> [HOW TO COMPLETE THIS TASK]: Write out, exactly and in full, the line where "Whiting White, tissage" appears together with all lines that follow it in the entries below. Do not include pictures.

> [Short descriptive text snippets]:
---*---
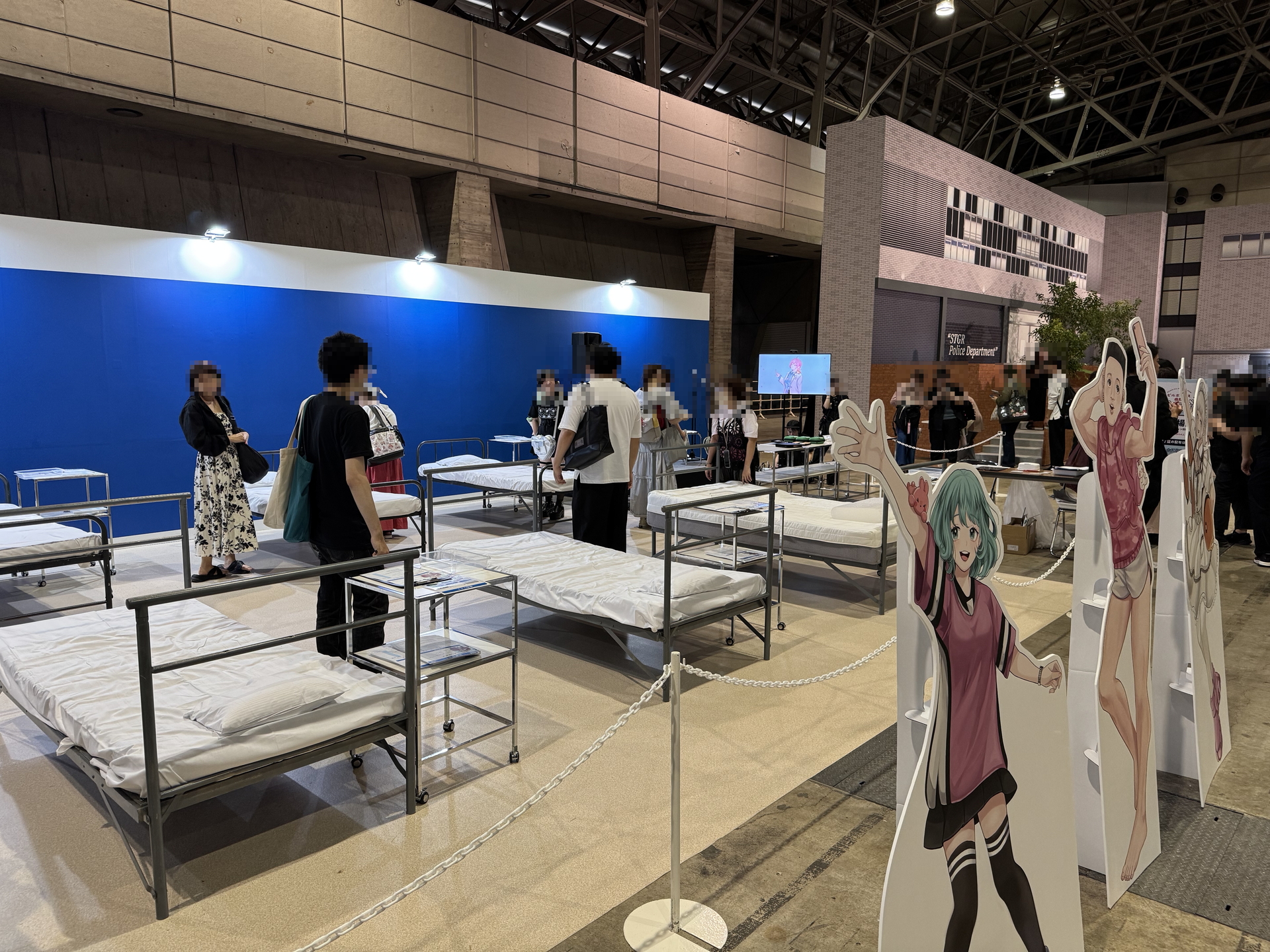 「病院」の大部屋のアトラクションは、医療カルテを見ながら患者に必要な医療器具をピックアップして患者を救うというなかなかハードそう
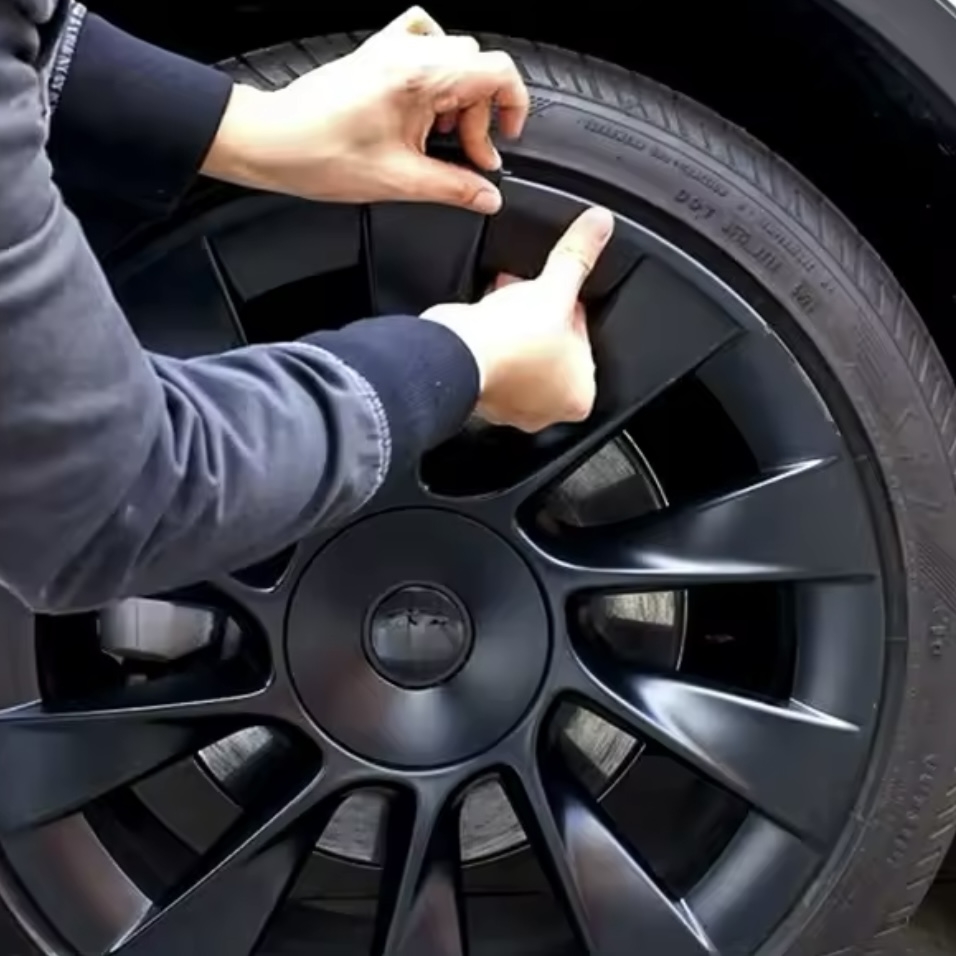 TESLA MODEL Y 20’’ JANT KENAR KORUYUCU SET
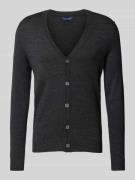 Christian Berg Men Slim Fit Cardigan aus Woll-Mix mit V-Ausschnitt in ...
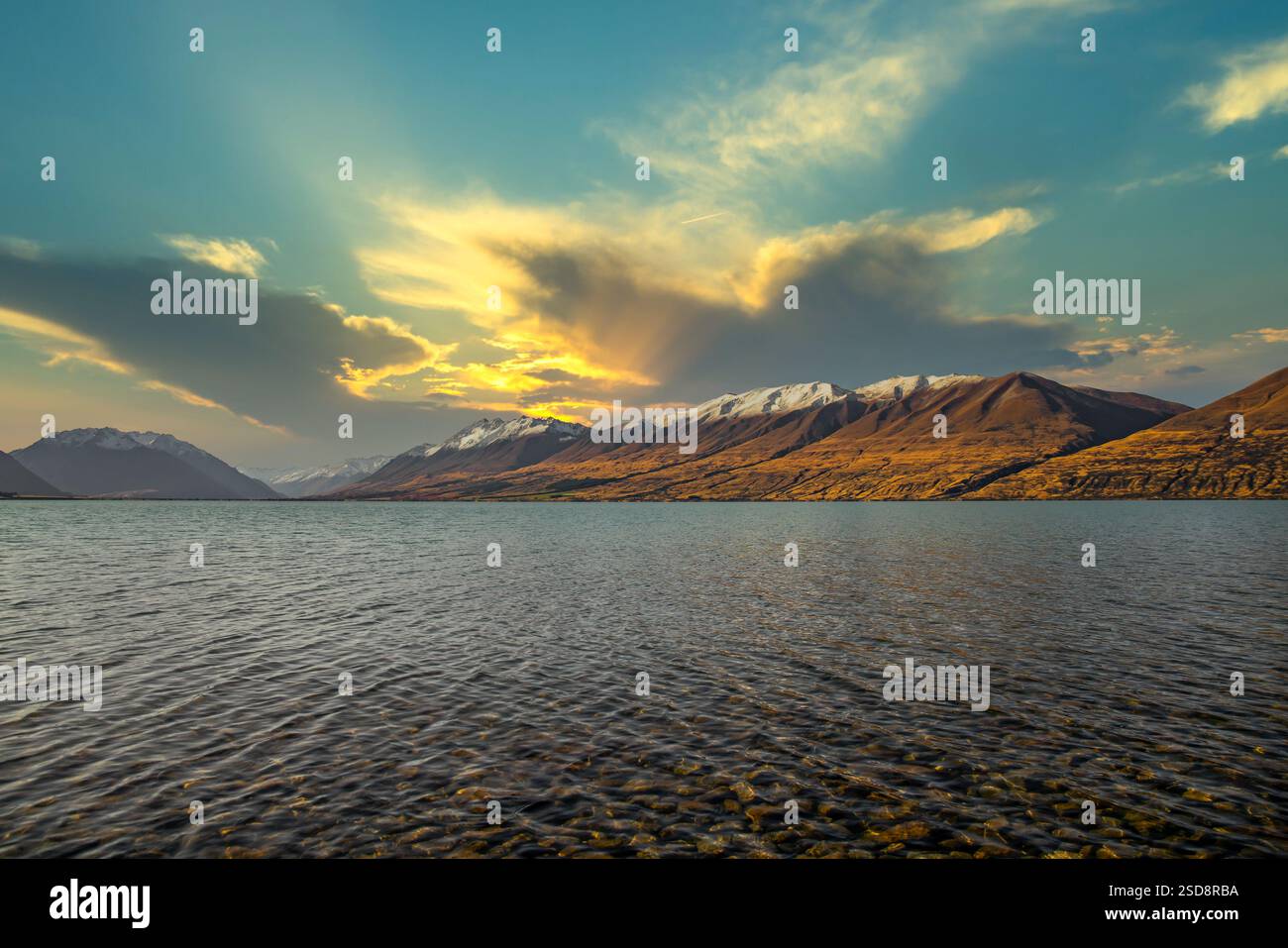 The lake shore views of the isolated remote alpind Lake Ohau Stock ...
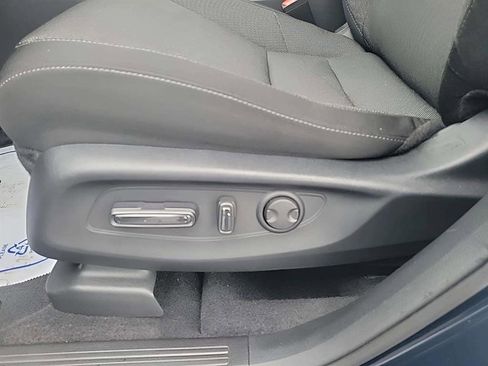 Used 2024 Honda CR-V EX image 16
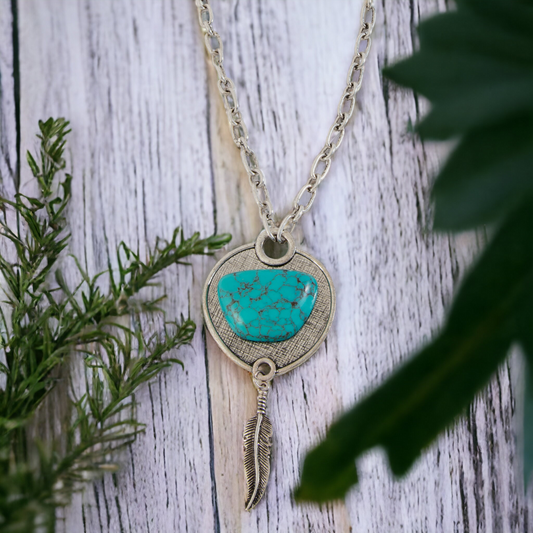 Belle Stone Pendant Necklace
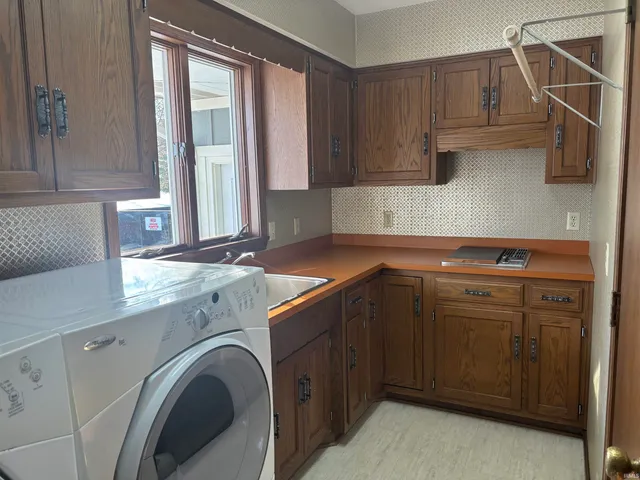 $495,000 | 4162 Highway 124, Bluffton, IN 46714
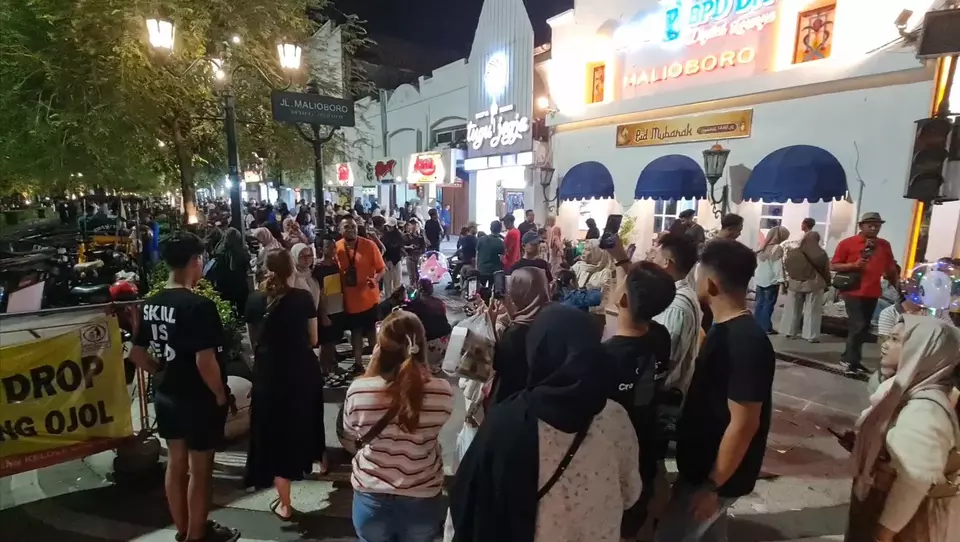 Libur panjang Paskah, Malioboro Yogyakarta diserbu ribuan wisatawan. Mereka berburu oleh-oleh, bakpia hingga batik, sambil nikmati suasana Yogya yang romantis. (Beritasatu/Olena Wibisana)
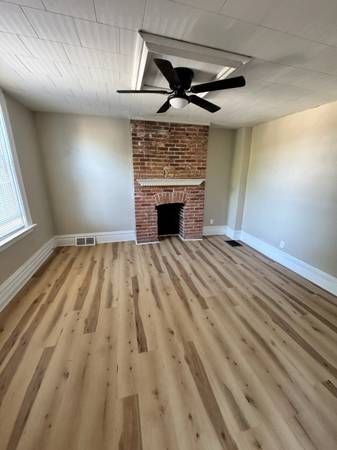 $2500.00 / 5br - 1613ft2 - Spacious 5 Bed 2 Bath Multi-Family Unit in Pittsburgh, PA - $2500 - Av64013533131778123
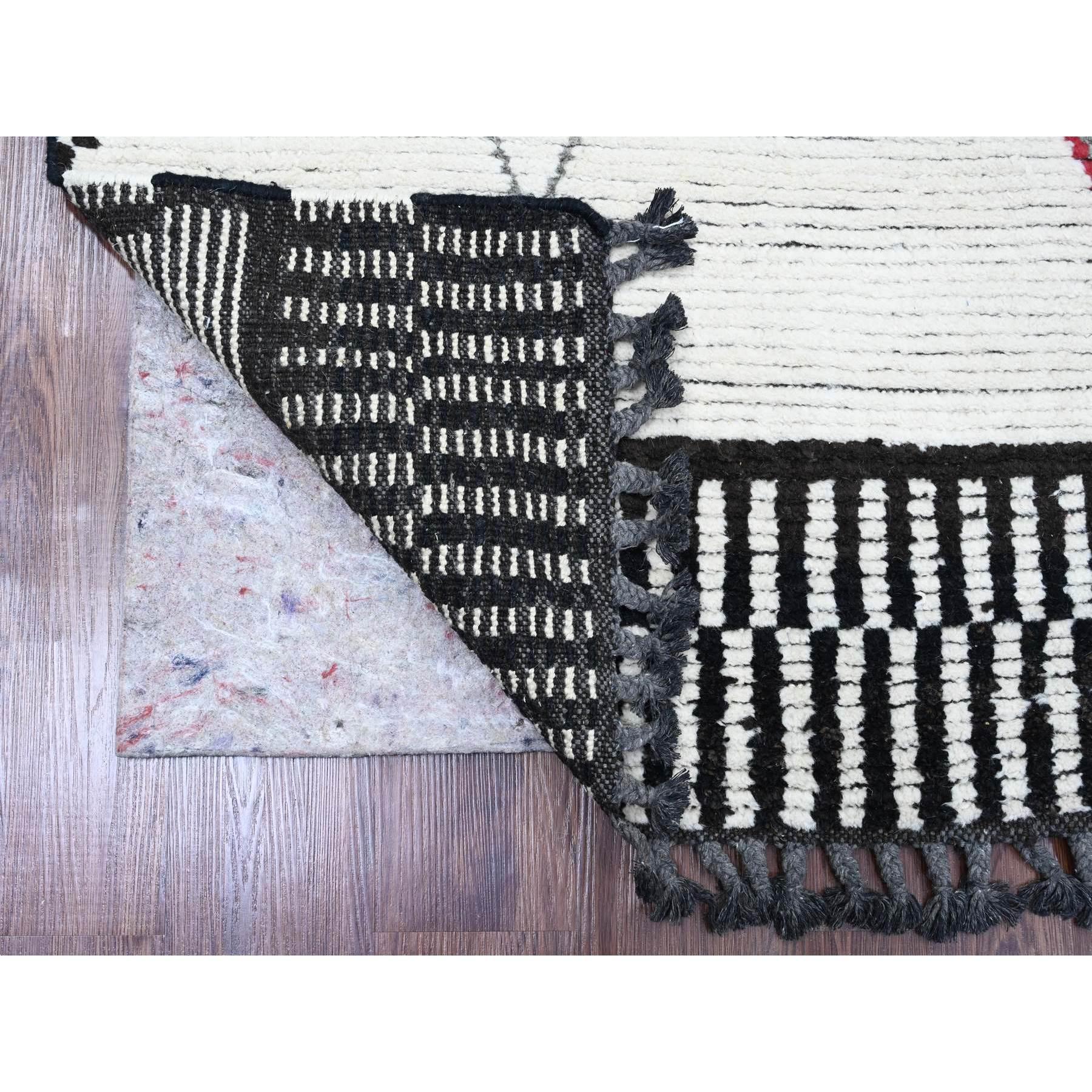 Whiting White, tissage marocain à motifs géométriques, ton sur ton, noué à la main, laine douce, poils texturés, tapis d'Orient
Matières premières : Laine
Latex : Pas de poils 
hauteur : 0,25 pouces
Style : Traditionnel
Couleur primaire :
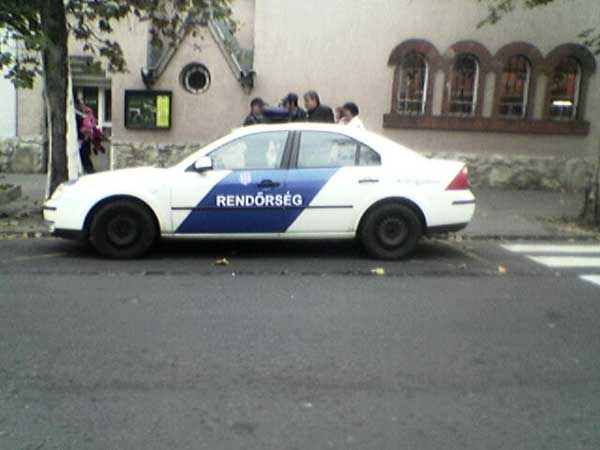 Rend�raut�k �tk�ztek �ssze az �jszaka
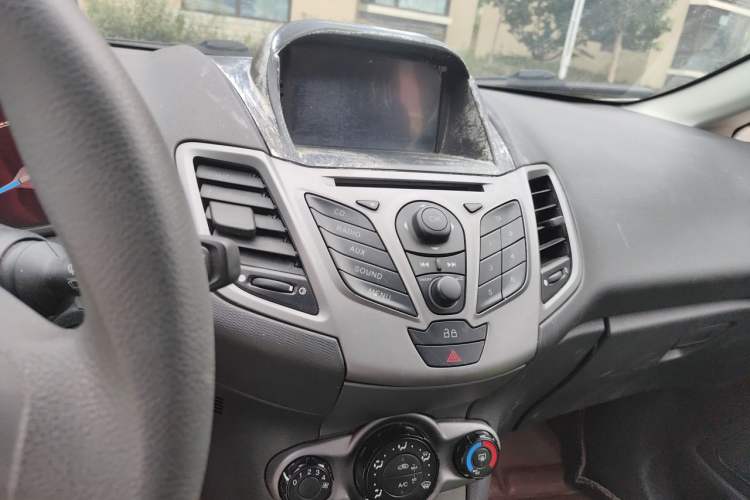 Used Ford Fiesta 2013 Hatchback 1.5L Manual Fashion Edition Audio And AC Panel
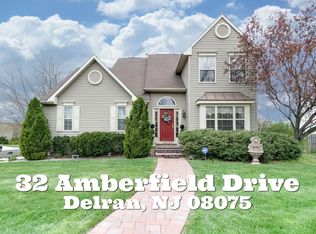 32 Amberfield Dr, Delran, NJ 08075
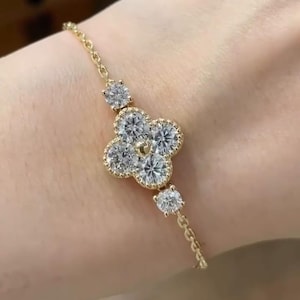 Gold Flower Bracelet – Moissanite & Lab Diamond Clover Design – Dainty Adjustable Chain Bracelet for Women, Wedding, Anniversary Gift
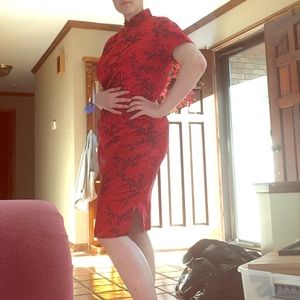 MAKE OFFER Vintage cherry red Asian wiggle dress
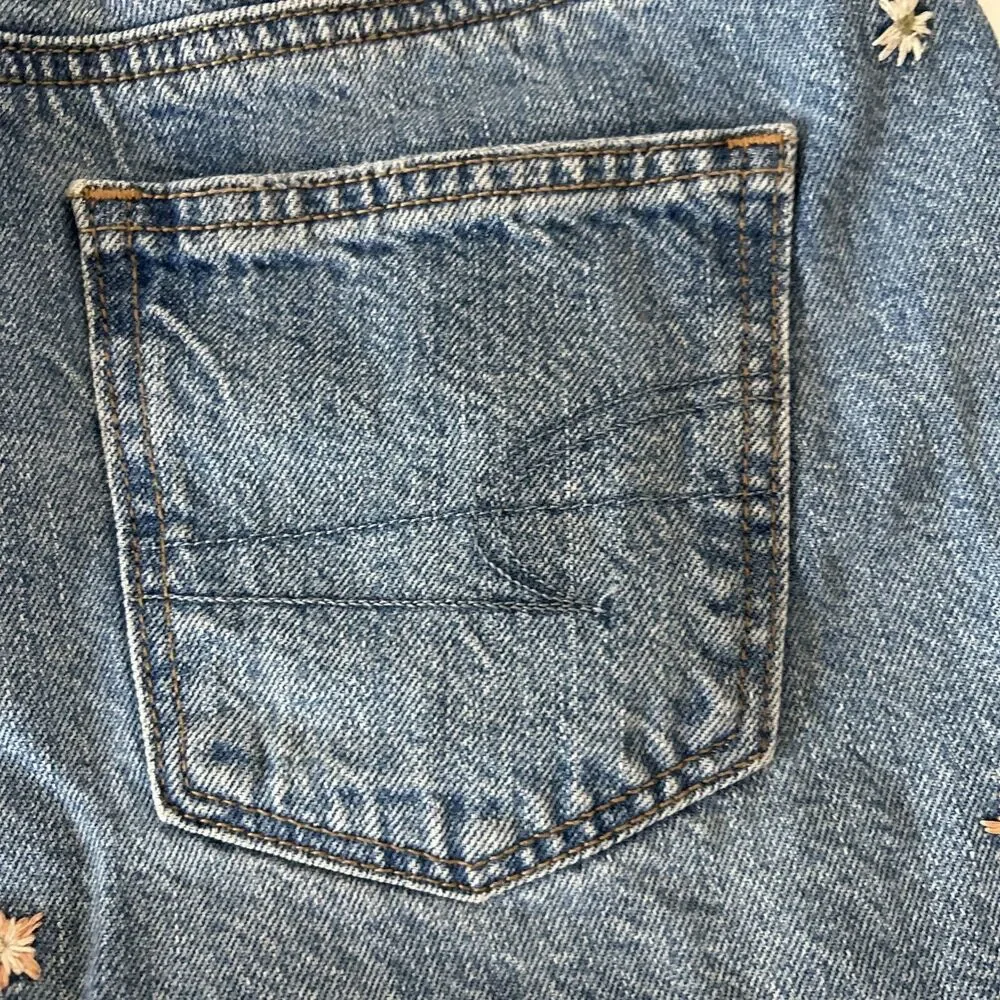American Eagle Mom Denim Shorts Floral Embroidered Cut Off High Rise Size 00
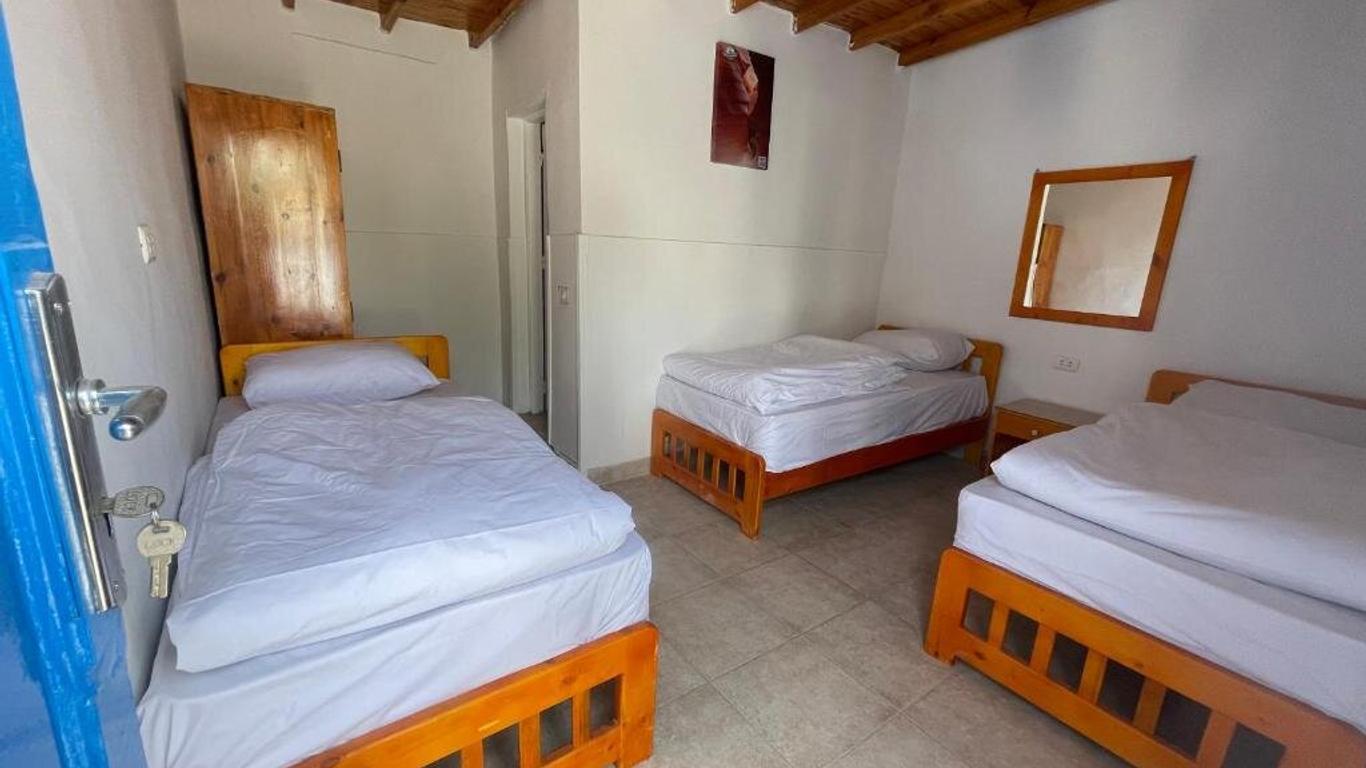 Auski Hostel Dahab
---*---
> [ANSWER TO THIS PROBLEM]:
 Whiting White, tissage marocain à motifs géométriques, ton sur ton, noué à la main, laine douce, poils texturés, tapis d'Orient
Matières premières : Laine
Latex : Pas de poils 
hauteur : 0,25 pouces
Style : Traditionnel
Couleur primaire :
 Rend�raut�k �tk�ztek �ssze az �jszaka
 Used Ford Fiesta 2013 Hatchback 1.5L Manual Fashion Edition Audio And AC Panel
 32 Amberfield Dr, Delran, NJ 08075
 Gold Flower Bracelet – Moissanite & Lab Diamond Clover Design – Dainty Adjustable Chain Bracelet for Women, Wedding, Anniversary Gift
 MAKE OFFER Vintage cherry red Asian wiggle dress
American Eagle Mom Denim Shorts Floral Embroidered Cut Off High Rise Size 00
 Auski Hostel Dahab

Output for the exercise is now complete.